I think we’ve all been down that road, making a decision, trying to maintain a perfect track record but one mishap or setback and it all comes crashing down. It feels like a failure, a waste of time, we conclude, we don’t have enough will-power or maybe we’re just not good enough to make it happen. And that one setback becomes a defining moment, it’s the impasse, the impossible obstacle, the psychological and emotional monster we cannot defeat. Because we will always be faced with that “mess up” that will ruin the perfect track record, that will “defeat” our will-power. And trying again becomes even more difficult more impossible, because we’ve already been defeated psychologically.
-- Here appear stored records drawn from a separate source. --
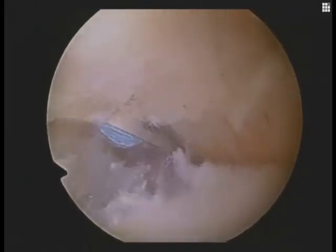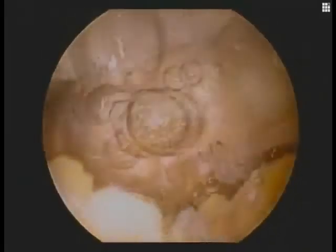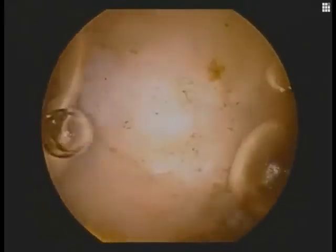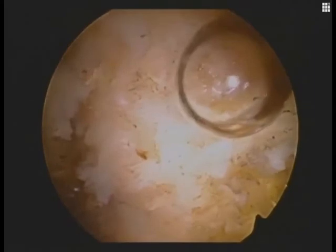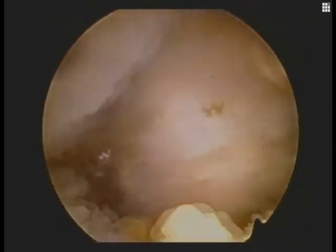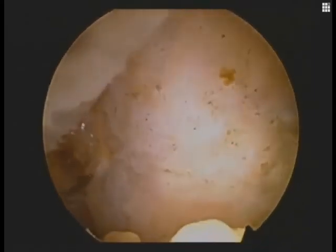We're seeing our reduced clavicle here against the posterior subacromial portal. We have abutment of the distal clavicle and acromion, so we'll eventually perform a distal clavicle resection after tying down our construct and securing our graft with an interference peek screw.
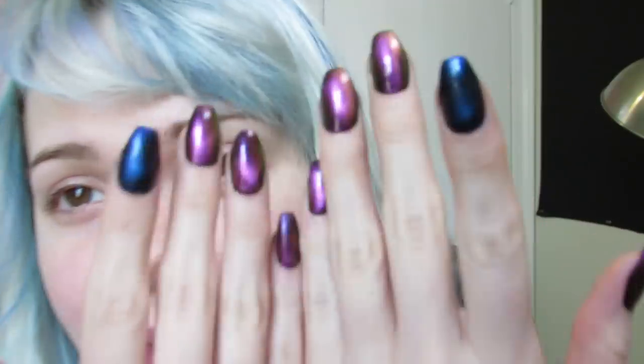I put these fake nails on and they look kind of funny but cute at the same time. I painted them — judge me, I don't know. Anyway, let's do the brows.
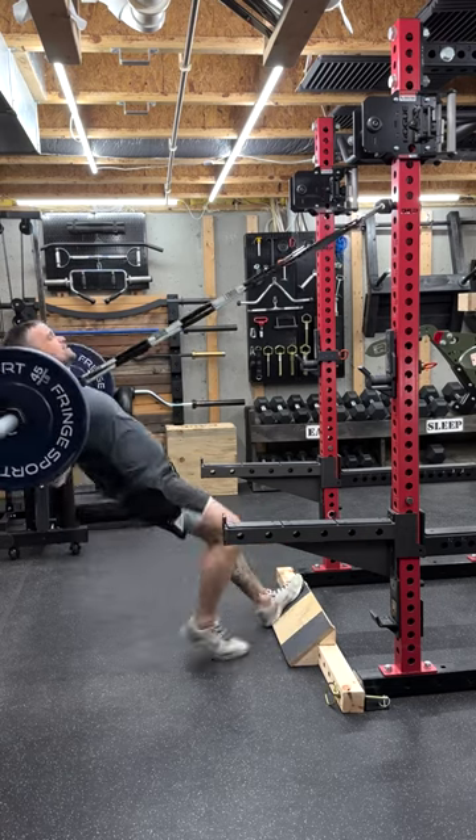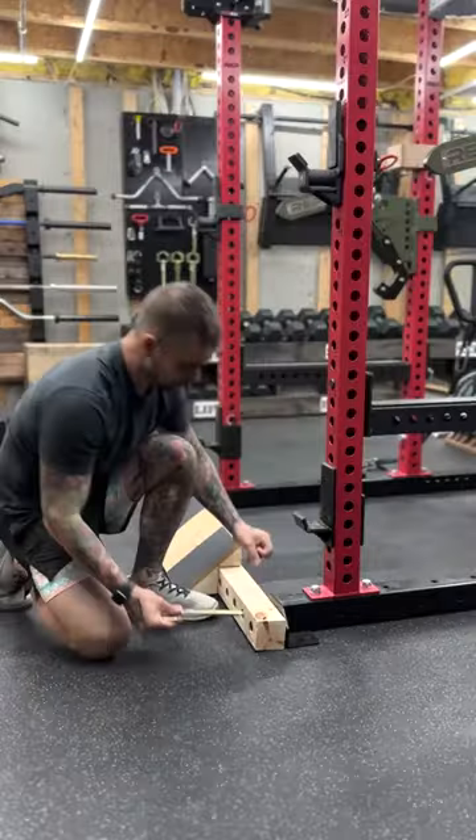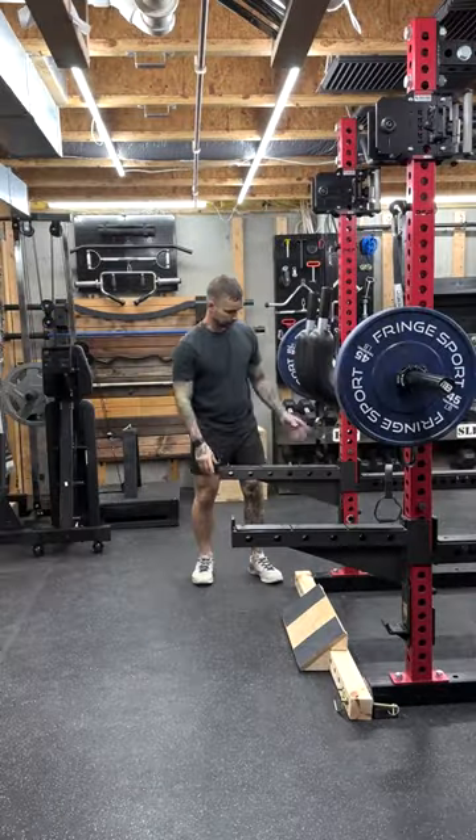Time to answer some questions and comments about the DIY Pendulum Squat. These are cool, but they're a pain in the butt to set up. That's kind of true — the first time, it takes a while to get everything properly dialed in. After that, I'd say it's two to three minutes max.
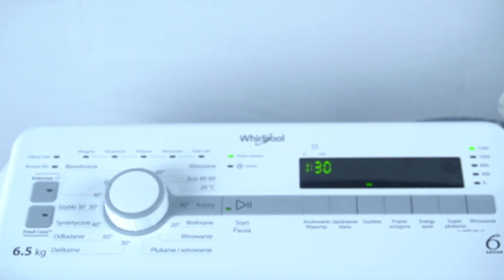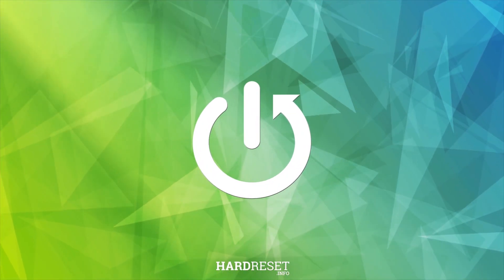Hello guys, today I'm gonna show you how you can properly refill the detergent chambers in Whirlpool Washing Machine TDLR, so let's start.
If you want to build bulletproof habits but have been using that kind of method and can never get it to stick. Here’s a different approach…
Snowballing Streaks
Snowballing streaks isn’t about trying to maintain one unbroken, perfect track record. It’s about building up, scaling a progression, forged in the fire, slow-tempered with patience, sustainability and duration. Go from once a week, to twice a week, to thrice a week, four times a week. Snowball the streaks. Or go from from 7 minutes everyday for a week or two, then go to 14 minutes everyday for another few weeks and so on.It’s isolating each action into its own individualized moment. These individual actions pool into their own group of small streaks that eventually progress into longer streaks. Then all these groups of streaks is what becomes the one-big, bulletproof habit.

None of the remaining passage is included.